Dari Kota Cimahi, Mamat meluncur ke timur. Tujuannya Jawa Tengah dan Jogjakarta melalui jalur selatan. Terus ke timur menuju Surabaya, Banyuwangi, lalu menyeberang ke Bali. Beberapa kali dia mengaku ”tertipu” oleh peta. ”Saya kira jaraknya dekat, ternyata saya dibohongi peta,” kata Mamat, lantas tertawa, saat sampai di kantor Jawa Pos di gedung Graha Pena Surabaya, 8 Maret lalu.
Tujuh hari pertama, fisik dan mental Mamat diuji. Sebab, dia bukan atlet sepeda yang terlatih bersepeda jauh. Fisik dan mentalnya kecapekan. Mulai lemah. Tubuh jangkungnya tambah kurus. Hampir tak ada lemak untuk cadangan tenaganya.
Saat itu dia sudah sampai di Purworejo, Jateng. Semangatnya untuk menyelesaikan misi keliling Indonesia tiba-tiba meredup. Dia mengaku ingin menyerah dan berbalik arah menuju rumah.

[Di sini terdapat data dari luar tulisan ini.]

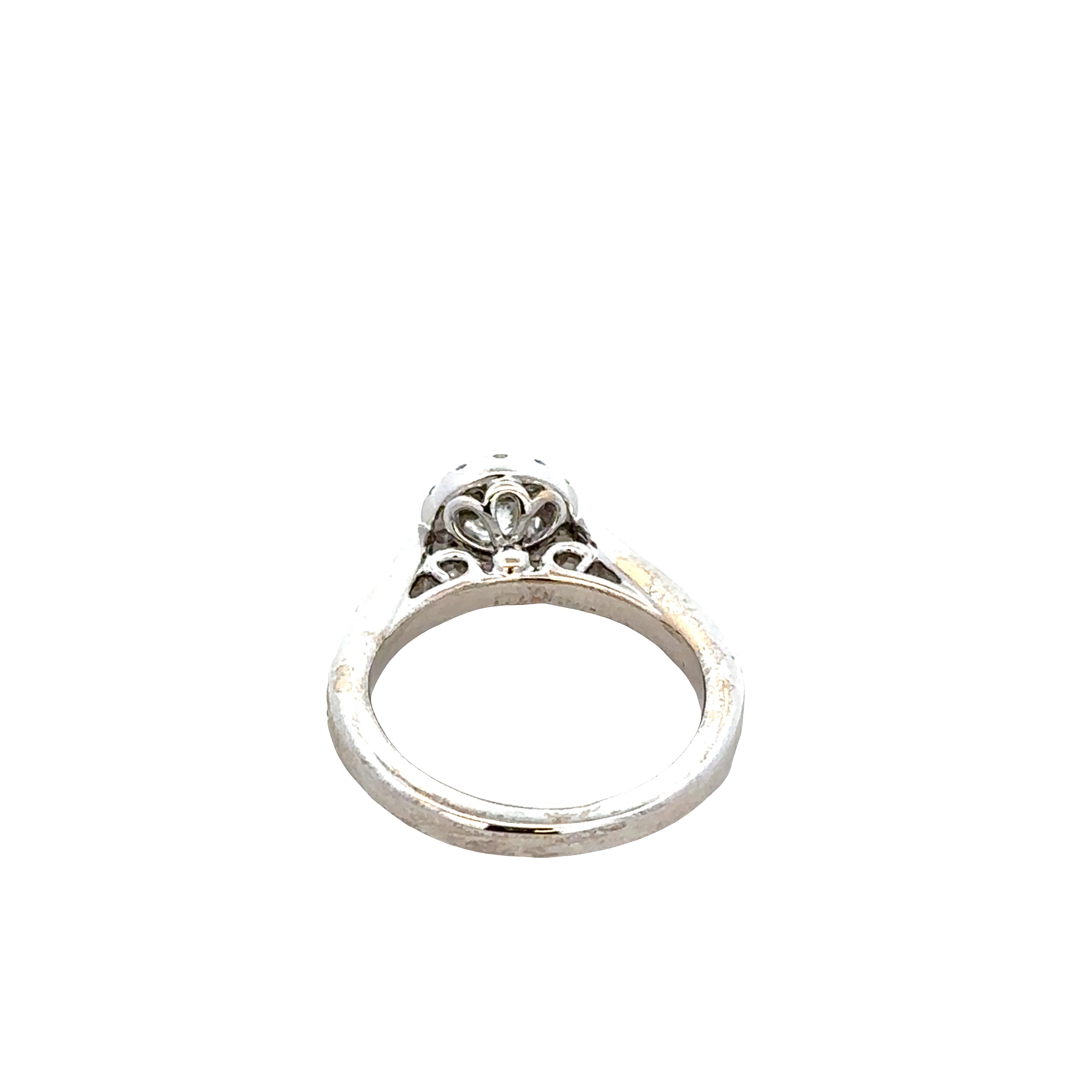 14k White Gold Diamond Halo Engagement Ring – Size 4.25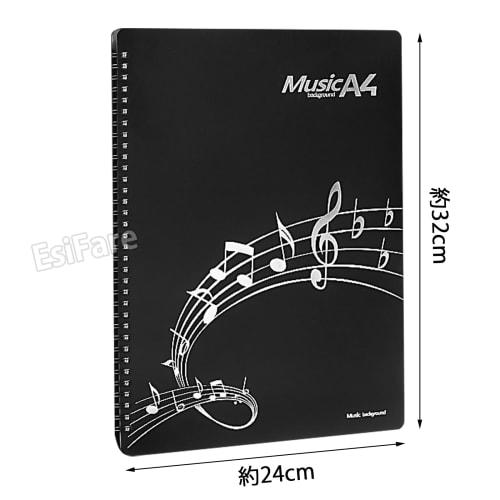 EsiFare A4 Size Music File, 2-Sided, 20 Sheets/40 Pages, with Writing Folder, Ring-Type, Anti-Reflective, Black Cover, Perfect for Organizing and Stor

Pria yang pernah menjadi tenaga honorer di Dinas Lingkungan Hidup Kota Cimahi tersebut lalu duduk termenung di pinggir jalan. Teringat celoteh dan tangis anaknya. Dipandanginya foto-foto anak dan istrinya di handphone miliknya. Dia lelah, haus, dan lapar. Tak ada seorang pun yang menemaninya. ”Oh, begini ya rasanya hidup sendiri,” ucap pemilik tinggi 170 cm dengan berat 56 kg itu.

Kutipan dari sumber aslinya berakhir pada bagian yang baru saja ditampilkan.